RECORDED INFORMATION:
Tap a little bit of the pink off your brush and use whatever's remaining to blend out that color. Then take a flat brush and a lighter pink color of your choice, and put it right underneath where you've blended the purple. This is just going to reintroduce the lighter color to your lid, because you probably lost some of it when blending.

--

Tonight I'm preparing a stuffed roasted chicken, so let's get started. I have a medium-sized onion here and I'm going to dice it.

* * *

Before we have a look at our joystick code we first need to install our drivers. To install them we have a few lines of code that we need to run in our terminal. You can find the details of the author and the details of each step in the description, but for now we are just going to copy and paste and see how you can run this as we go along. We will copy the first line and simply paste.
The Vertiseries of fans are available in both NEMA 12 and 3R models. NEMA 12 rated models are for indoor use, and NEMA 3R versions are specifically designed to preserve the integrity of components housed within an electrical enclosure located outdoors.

DESCRIPTION OF THE TASK: Count the lines in the material containing the string "just", and state the number with nothing added.

OUTPUT FOR THIS TASK: 2